Like \ccode{\_Set}, but with \ccode{sprintf()}-style semantics.  Sets
some string value in \ccode{obj} according to the
\ccode{sprintf()}-style \ccode{fmtstring} and any subsequence
\ccode{sprintf()}-style arguments. If a value was already set, it is
replaced with the new one. If any memory needs to be reallocated or
free'd, this is done.  \ccode{\_Format} functions have some
appropriate longer name, like
\ccode{esl\_msa\_FormatSeqDescription()}.
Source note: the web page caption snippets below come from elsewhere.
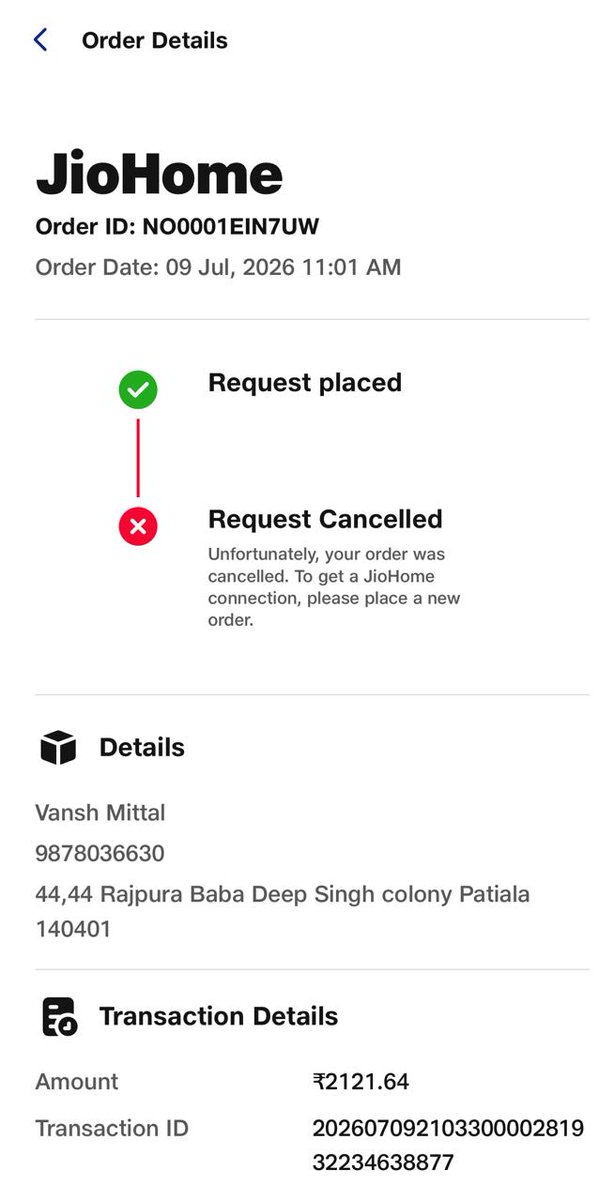 Vansh07m's tweet photo. Very disappointed with @reliancejio. I paid ₹2,121.64 on 9 July for Wi-Fi installation, which did not proceed. I received only ₹921.64 as refund on 11 July. The remaining ₹1,200 is still pending even after nearly 3 months. Please resolve this ASAP. https://t.co/lj4jGYudTw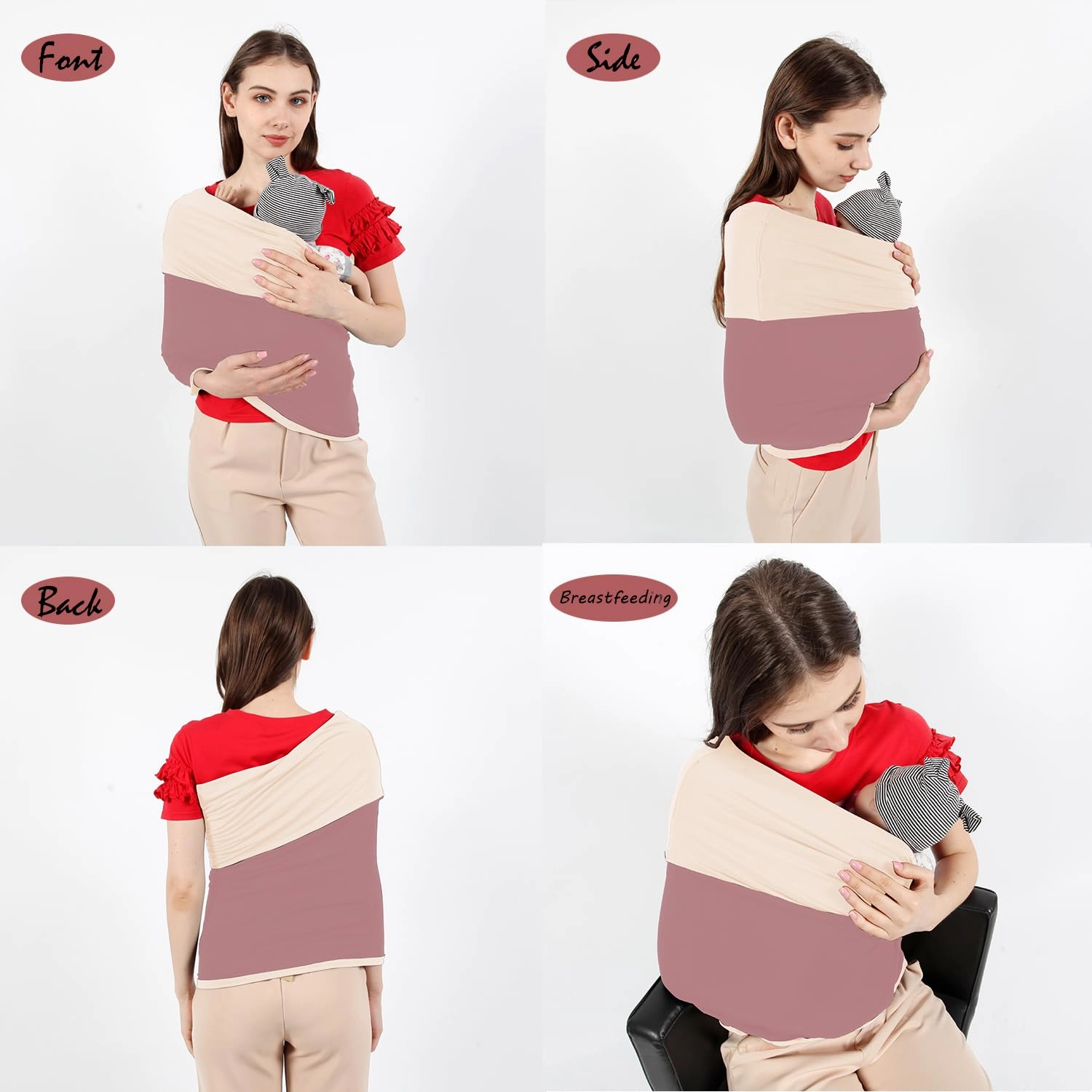 Baby Wrap Carrier, Reversible Bonding Comforter, Soft & Stretchy Baby and Infant Sling, Perfect Baby Carrier Wrap Sling for Newborn and Infant up to 35 lbs.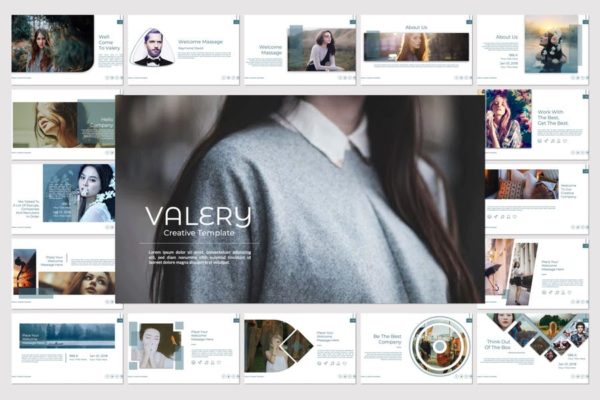 超现代独特设计多功能PPT演示模板 Vallery Powerpoint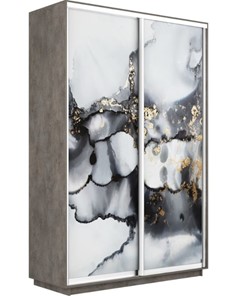 Шкаф 2-х дверный Экспресс 1600x600x2200, Абстракция серая/бетон во Владивостоке - предосмотр
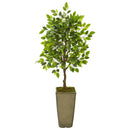 46” Mini Ficus Artificial Tree in Green Planter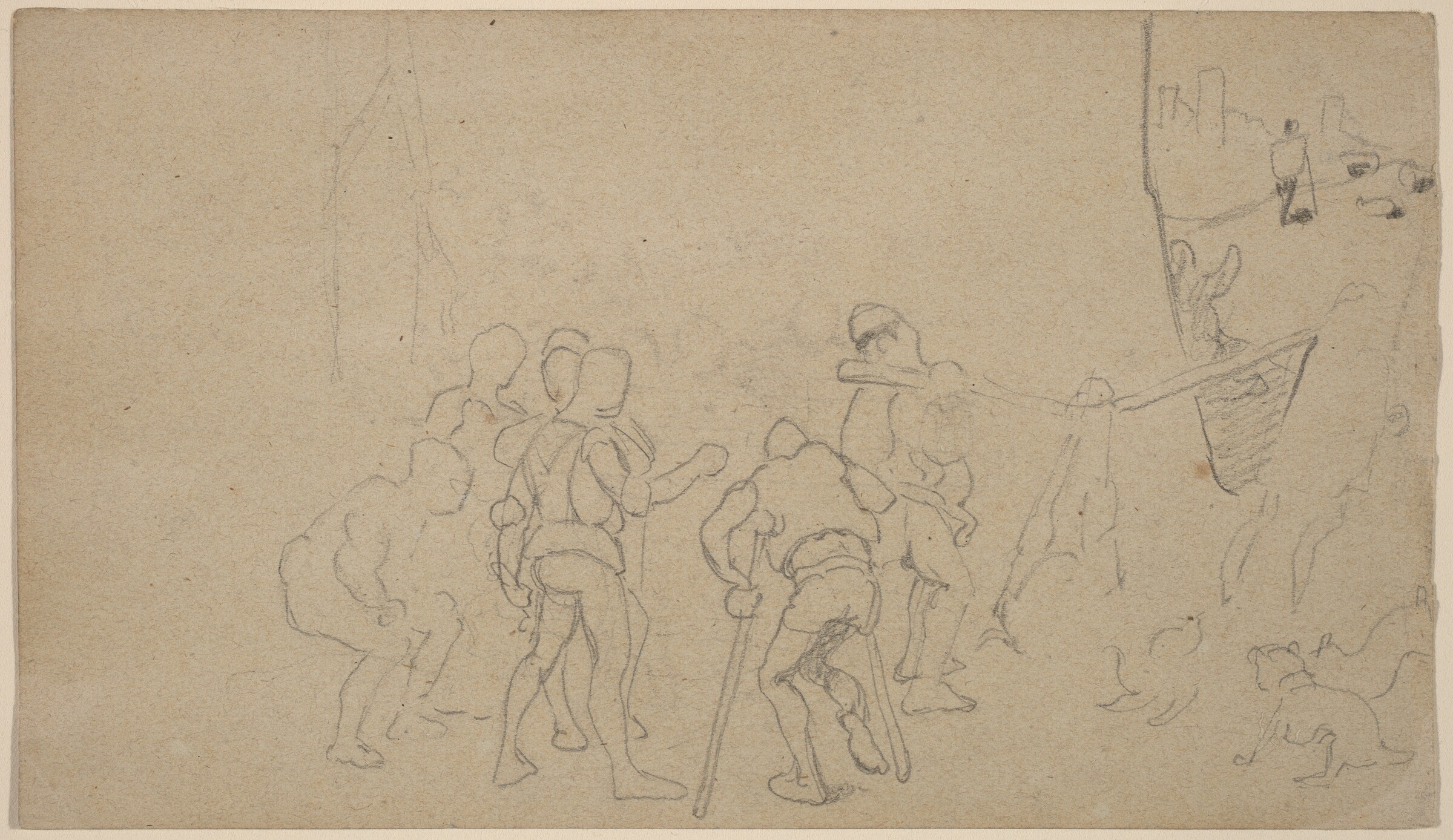 Village Scene, Elihu Vedder, c. 1859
Because \ccode{fmtstring} is a \ccode{printf()}-style format string,
it must not contain '\%' characters. \ccode{\_Format*} functions
should only be used with format strings set by a program; they should
not be used to copy user input that might contain '\%' characters.
\end{sreapi}


%%%%%%%%%%%%%%%%
\subsection{Debugging, testing, development}
%%%%%%%%%%%%%%%%

\begin{sreapi}
\hypertarget{ifc:Validate}
{\item[\_Validate*(obj, errbuf...)]}

Checks that the internals of \ccode{obj} are all right. Returns
\ccode{eslOK} if they are, and returns \ccode{eslFAIL} if they
aren't. Additionally, if the caller provides a non-\ccode{NULL}
message buffer \ccode{errbuf}, on failure, an informative message
describing the reason for the failure is formatted and left in
\ccode{errbuf}. If the caller provides this message buffer, it must
allocate it for at least \ccode{eslERRBUFSIZE} characters.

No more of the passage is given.